# Results: Measurement of Young's modulus

A set of results for the steel strip are given below.

load, m (kg) |
deflection, δ (10^{-3} m) |

0 | 0 |

0.05 | 3 |

0.10 | 6.5 |

0.15 | 9 |

0.20 | 13 |

0.25 | 16 |

A graph of these results gives:

The gradient of this graph is

\[{\rm{gradient}} = \frac{{16 \times {{10}^{ - 3}}}}{{0.25}} = 6.4 \times {10^{ - 2}}{\rm{mk}}{{\rm{g}}^{ - 1}}\]

In addition

width of strip (w) = | 0.01 m |

thickness of strip (h) = | 0.001 m |

length of strip (L) = | 0.15 m |

So, using equation (2)

\[{\rm{gradient}} = \frac{{0.01 \times {{0.001}^3}}}{{12}} = 8.3 \times {10^{ - 13}}{{\rm{m}}^3}\]

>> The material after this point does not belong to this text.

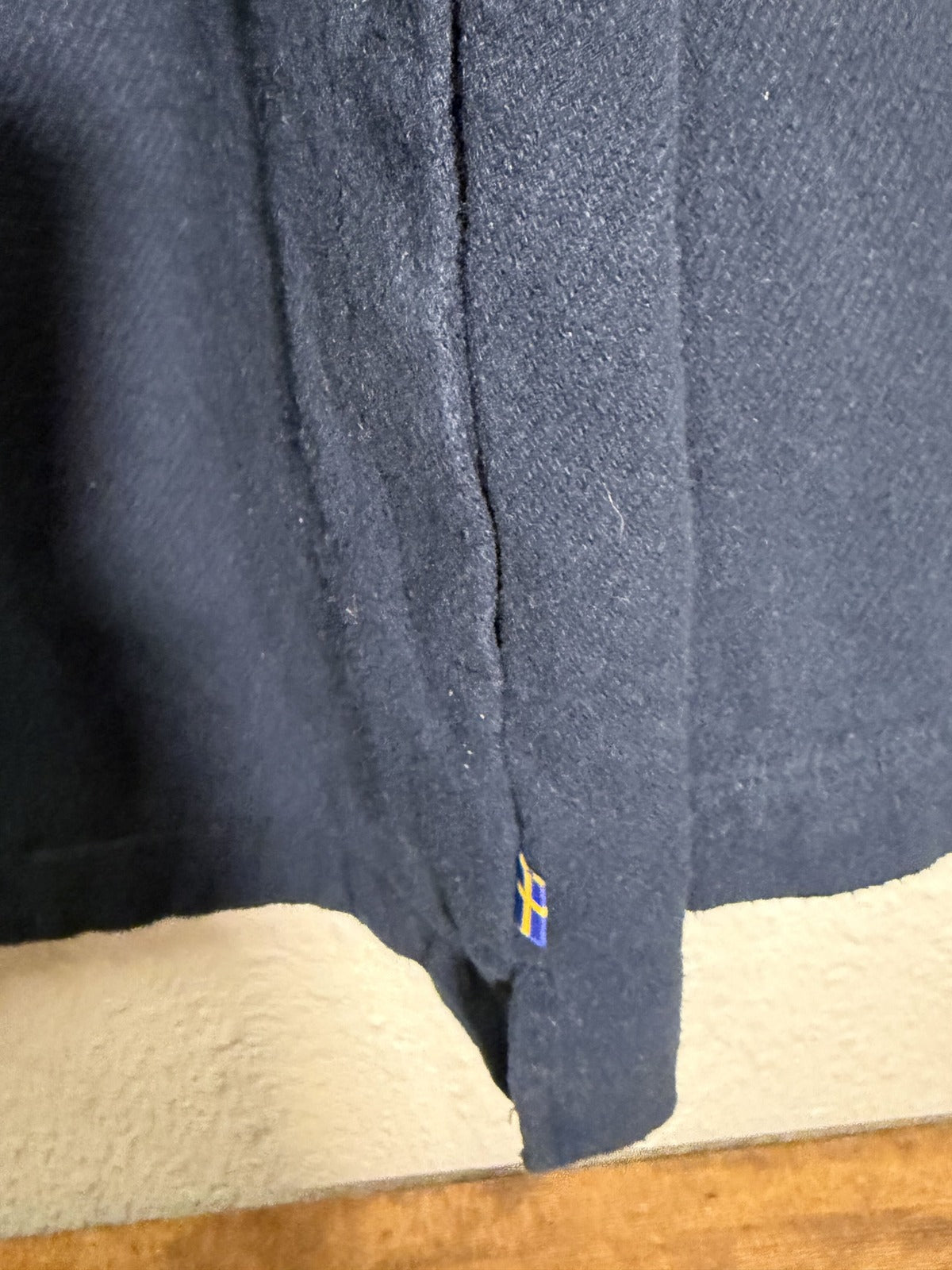 Fjällräven Singi Flannel Overshirt Shacket for women in dark navy, shown as a casual jacket with button front and plaid pattern.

From equation (1) with *P* = *mg*, a graph of *δ *
against *m* will have a gradient

\[{\rm{gradient}} = \frac{1}{3}\frac{{g{L^3}}}{{EI}}\]

and hence

\[E = \frac{1}{3}\frac{{g{L^3}}}{{{\rm{gradient}} \times I}} = \frac{{9.8 \times {{0.15}^3}}}{{3 \times 6.4 \times {{10}^{ - 2}} \times 8.3 \times {{10}^{ - 13}}}} = 2.1 \times {10^{11}}{\rm{Pa(2s}}{\rm{.f}}{\rm{.)}}\]

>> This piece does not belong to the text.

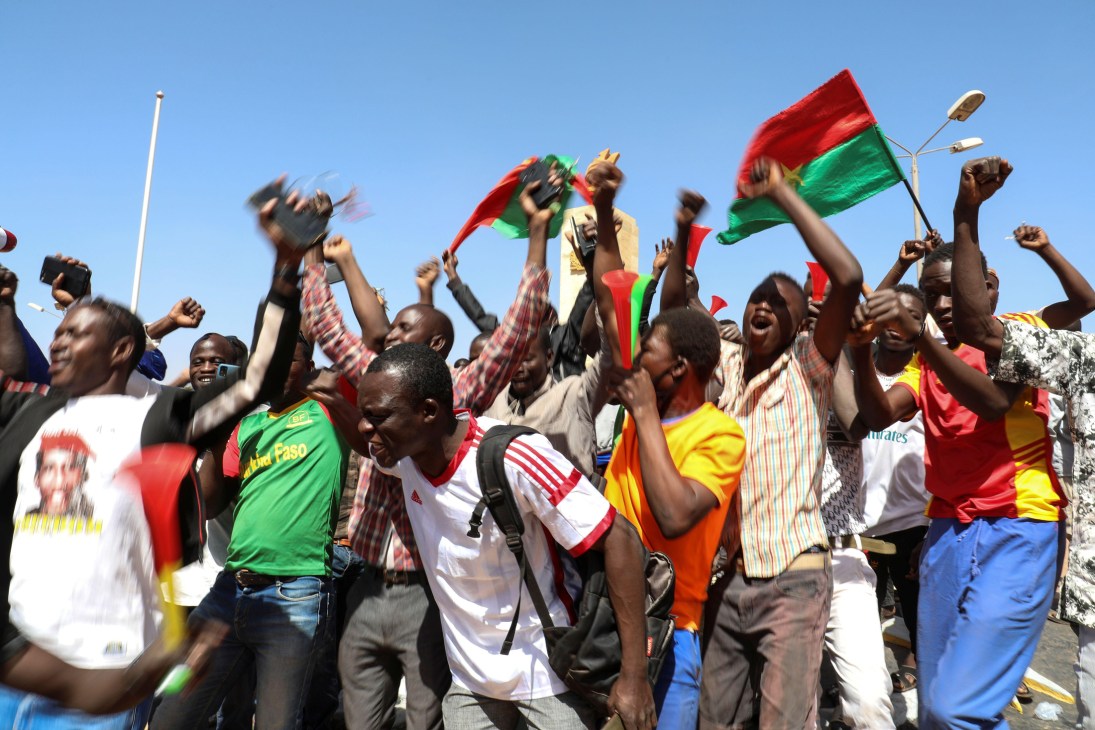 A crowd of protesters with raised fists holding flags with red and green colors during a demonstration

So the steel from which the strip is made has a Young's modulus of 210 GPa (close to the figure given in the properties table).

Repeating the experiment for the aluminium and polycarbonate strips gives Young's moduli of 70 GPa and 5.5 GPa respectively. These results will be used later in the TLP.